* _Task to complete_
Reproduce the entries below exactly, but only from the line containing "Kit For LP150X08" to the line containing "Kit Digital Pacman", inclusive.

* _Data section_
-*-*-

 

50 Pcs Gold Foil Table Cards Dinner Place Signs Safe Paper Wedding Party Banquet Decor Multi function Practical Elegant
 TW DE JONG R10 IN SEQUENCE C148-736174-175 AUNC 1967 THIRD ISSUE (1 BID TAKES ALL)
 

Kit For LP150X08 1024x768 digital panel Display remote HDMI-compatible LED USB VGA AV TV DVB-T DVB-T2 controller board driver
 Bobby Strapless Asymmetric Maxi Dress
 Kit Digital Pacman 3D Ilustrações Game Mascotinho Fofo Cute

-*-*-

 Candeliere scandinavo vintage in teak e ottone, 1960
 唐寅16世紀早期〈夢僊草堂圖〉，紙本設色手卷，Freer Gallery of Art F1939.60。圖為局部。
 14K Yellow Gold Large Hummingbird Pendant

-*-*-

* _Solved problem_
Kit For LP150X08 1024x768 digital panel Display remote HDMI-compatible LED USB VGA AV TV DVB-T DVB-T2 controller board driver
 Bobby Strapless Asymmetric Maxi Dress
 Kit Digital Pacman 3D Ilustrações Game Mascotinho Fofo Cute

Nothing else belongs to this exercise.